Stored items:
==================================================
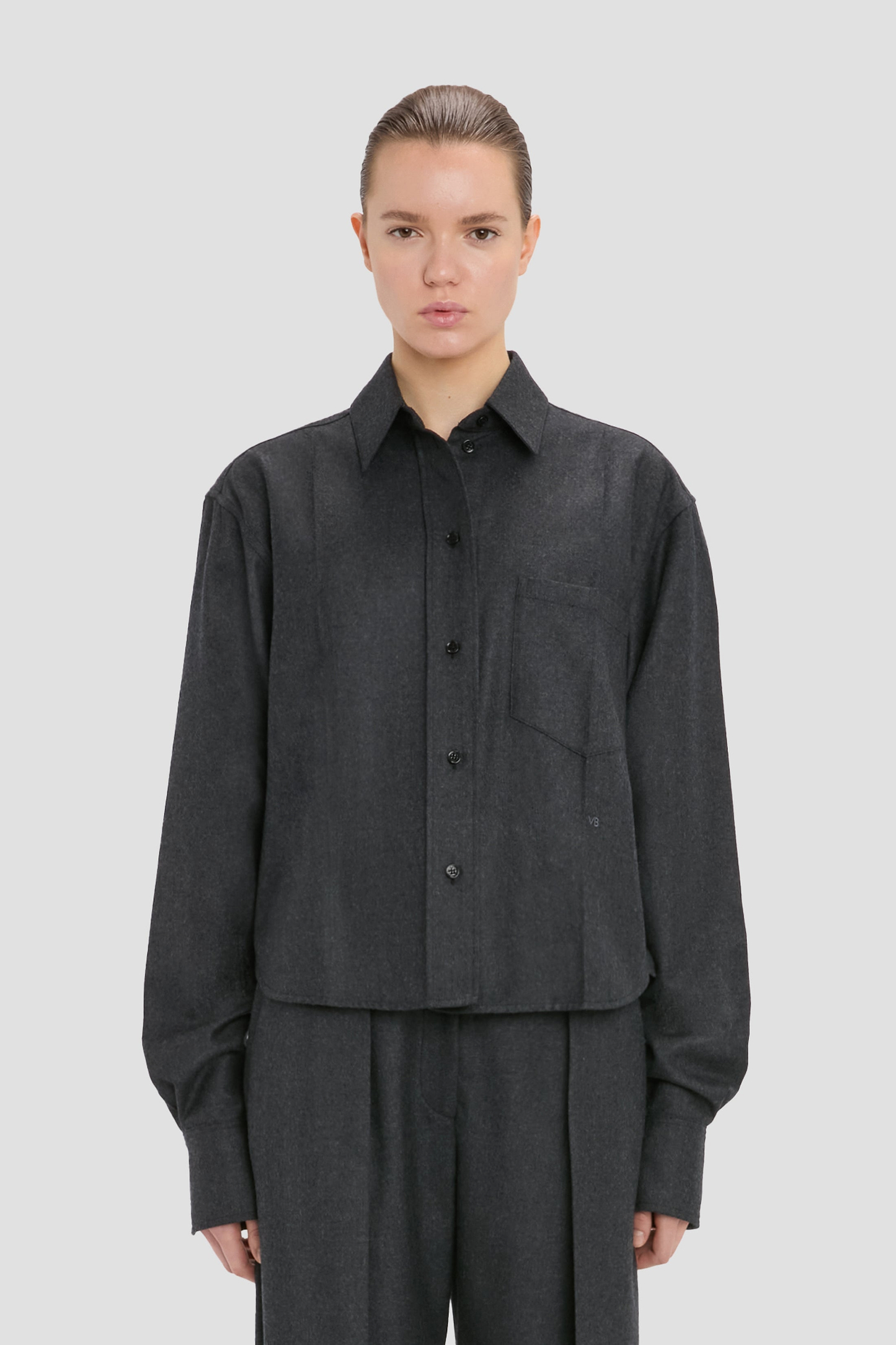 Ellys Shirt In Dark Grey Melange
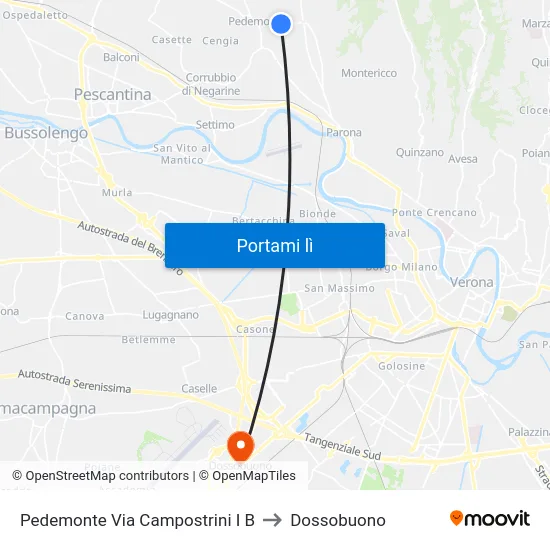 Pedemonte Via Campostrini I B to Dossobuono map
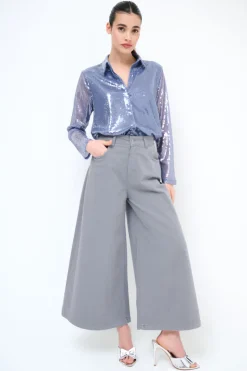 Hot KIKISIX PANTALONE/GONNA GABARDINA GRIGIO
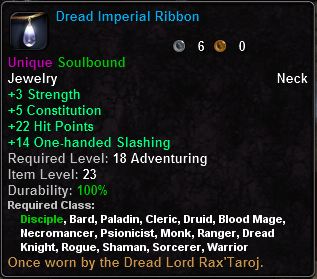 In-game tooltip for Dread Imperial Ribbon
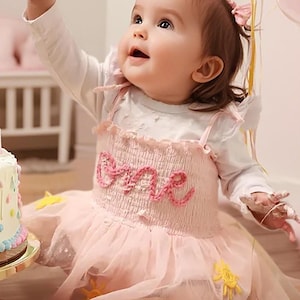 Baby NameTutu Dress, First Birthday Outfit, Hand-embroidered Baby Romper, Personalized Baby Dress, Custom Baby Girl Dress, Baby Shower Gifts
==================================================
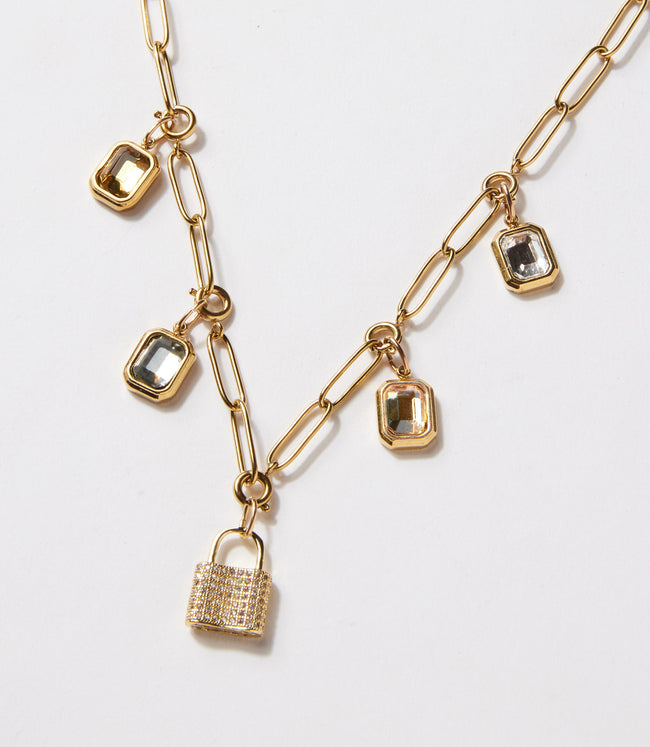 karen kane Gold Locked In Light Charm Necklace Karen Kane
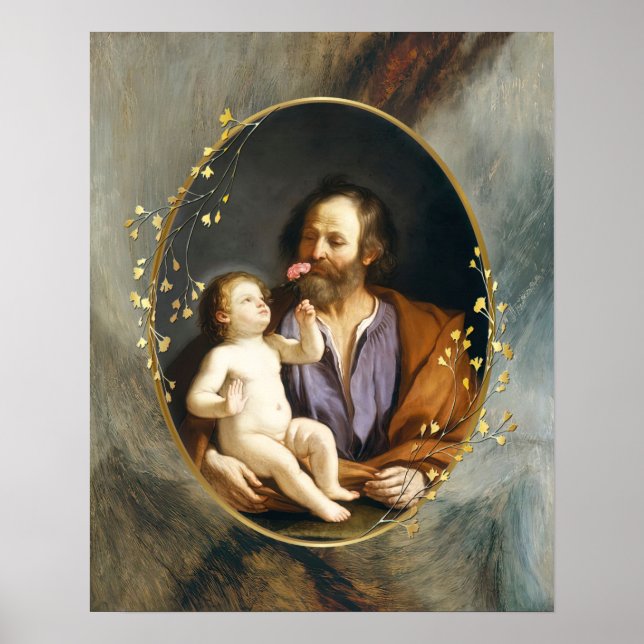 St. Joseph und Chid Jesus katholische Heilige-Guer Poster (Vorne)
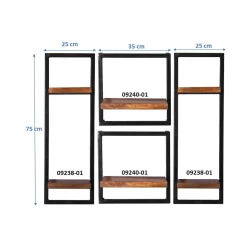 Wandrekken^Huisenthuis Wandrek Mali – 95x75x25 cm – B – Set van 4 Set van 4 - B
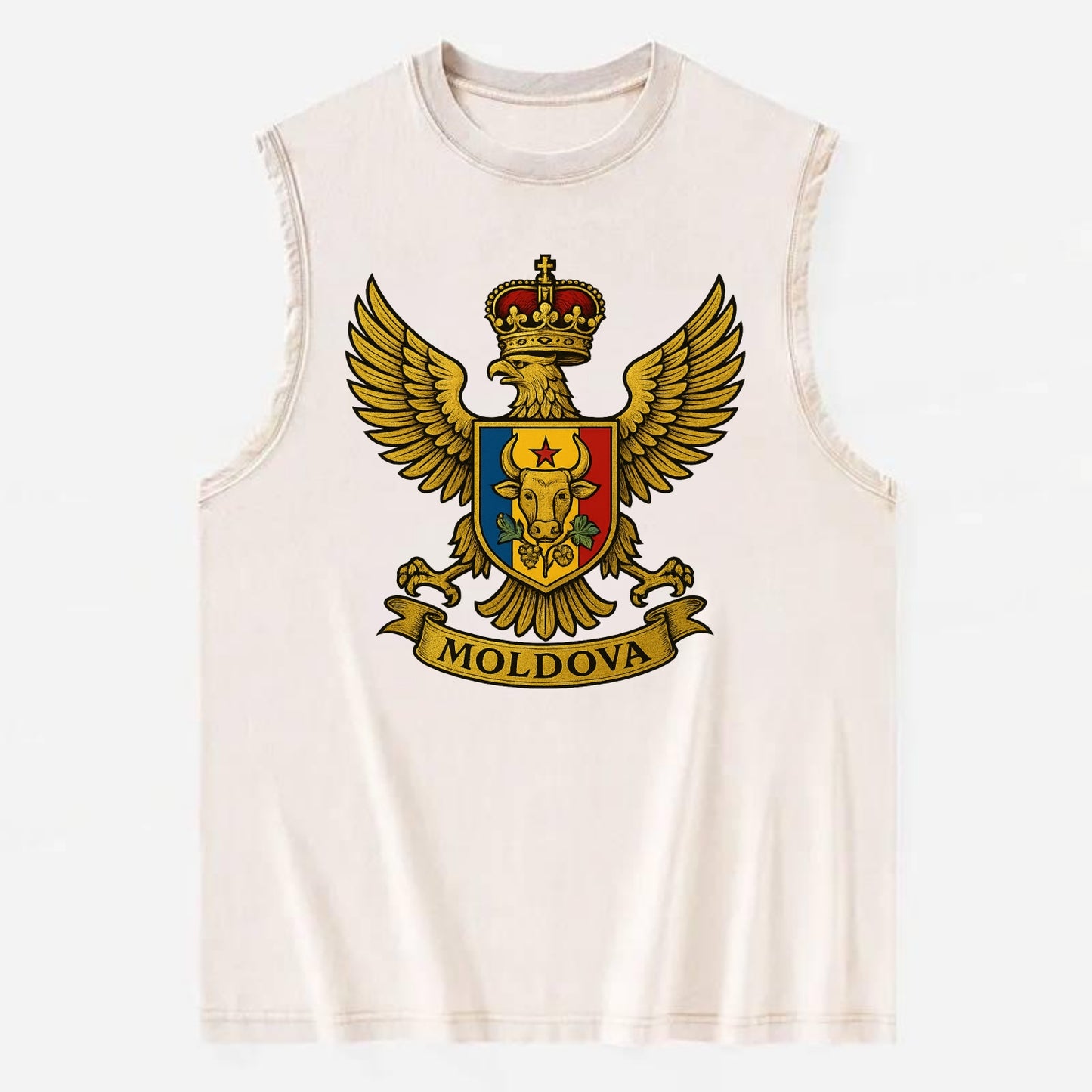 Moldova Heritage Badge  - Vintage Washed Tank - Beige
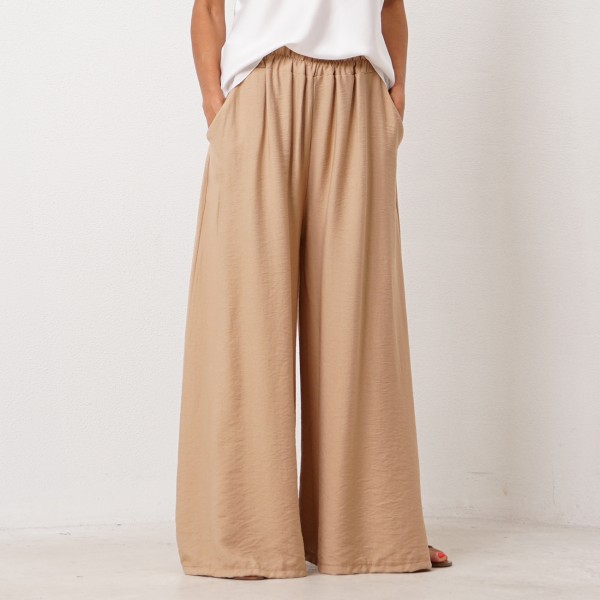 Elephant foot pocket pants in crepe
==================================================
◆ Exercise objective ◆
Could you write out exactly the lines of the data above that run from the one holding "Ellys Shirt In Dark Grey Melange" to the one holding "Baby NameTutu Dress, First", with both ends in and all pictures out?

◆ Worked solution ◆
 Ellys Shirt In Dark Grey Melange
 Pedemonte Via Campostrini I B to Dossobuono map
 Hot KIKISIX PANTALONE/GONNA GABARDINA GRIGIO
 In-game tooltip for Dread Imperial Ribbon
 Baby NameTutu Dress, First Birthday Outfit, Hand-embroidered Baby Romper, Personalized Baby Dress, Custom Baby Girl Dress, Baby Shower Gifts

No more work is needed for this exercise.